Вот оно, неподдающееся коррозии золото синтаксиса и слова, чей чистый блеск способен заворожить читателя, даже если автор позволяет себе описывать испражнения умирающего. Кстати, эта повесть и религиозна в каком-то высшем надконфессиональном смысле. Имя Христа Иван Ильич называет лишь один раз, почти в конце, да и то в обороте «ради Христа». А в приведенной выше цитате с внутренним голосом больше даже чего-то буддийского, дзенского, чем христианского. Резюмируя посыл этого выбранного мной примера из творчества позднего Толстого, хотелось бы еще раз подчеркнуть, что именно смерть как кризис всех кризисов освобождает самость от проклятия социальности, а само обращение к этой теме порождает подлинное искусство. Это особенно актуально и сегодня, когда на наших глазах созревает поколение разуверившихся, да и те, кто только вступает в жизнь, выбирают своим кредо фрустрацию, взять хотя бы «эмо».

В наше время писатель и философ довольно редко интегрируются в одном лице. И потому художнику, который хочет сохранить самость и передать свои импульсы читателю, довольно естественно обратиться за подсказкой к философии. Понаблюдать, как и что именно конструирует она сегодня в качестве адекватных современности концептов. Конечно, прежде всего художника должен занимать поиск некоего резонанса интуиций, чем, собственно, прямых и директивных указаний, какие из концептов нужно превращать в сюжеты и персонажи. Искусство, как известно, не терпит схематизации и плодотворно скорее в точках сопротивления предначертанным путям.

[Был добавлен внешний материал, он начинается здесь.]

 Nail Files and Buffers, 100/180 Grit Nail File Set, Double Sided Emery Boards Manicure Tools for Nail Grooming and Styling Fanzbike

С конца прошлого столетия Россия катастрофически втягивается во все прелести общества потребления, и к нашим исконным национальным бедам добавляется еще одна интернациональная капиталистическая беда. Пожалуй, эта «вторая» беда даже не добавляется, а буквально врастает в «первую». Тоталитарный бюрократ, с одной стороны, и капиталист, с другой, образуют нынче демоническое подобие двуглавого российского орла, которое стремится окончательно поработить русского человека. На наших глазах вырастает чудовищный Эдипов симулякр, где несвобода и порабощение инвестируются в человеческую самость на фундаментальном уровне и потенции бессознательного поля желаний кастрируются обществом, все более и более апеллирующим к параноидальному полюсу власти, причем не обязательно государственной. Скорее капитал принимает ее форму, чем она выступает сама по себе. Прежде всего важна власть коллективного над личностным. Эти капиталистические «дары» давно уже проанализированы на Западе, и, наверное, наиболее ярко во Франции, и я не случайно уже упоминал имена Делеза и Гваттари. Характерно, что пути ускользания от повсеместно навязываемого дискурса власти французские философы находят прежде всего в искусстве. Искусство как последняя территория, где «желающие машины» творческого бессознательного могут действовать без оглядки на параноидальные иерархически выстроенные общественные системы. И наше русское бессознательное, и наше русское сознание с его открытостью ко всем культурам, с его синтетичностью, с его сверхнациональностью не могут не откликнуться на этот призыв. Но нам нужны наши, русские Делезы, способные разыскать и растормошить в складках нашей литературы новых русских Арто, Лоуренсов и Генри Миллеров. Чтобы наши новые футуристы, сюрреалисты, модернисты, антипостмодернисты и метафизики с новыми силами атаковали навязанную нам «реальность». Пора кончать с Эдиповым ханжеством политизированной и морализирующей отечественной словесности и освобождать русские «желающие машины». И разве кризис символического капитала не лучшее время для прорыва?

 

Метафизика противоречий

Альманах «Волшебная гора», XVI, 2012 г.

Что такое современность? Можно ли дать исчерпывающий и объективный ответ на этот вопрос? Конечно же, нет, потому что каждый из отвечающих будет бить в набат со своей колокольни. Вот и мы раскачиваем язык своего и только своего колокола, а потому заранее попросим прощения за свою колокольню.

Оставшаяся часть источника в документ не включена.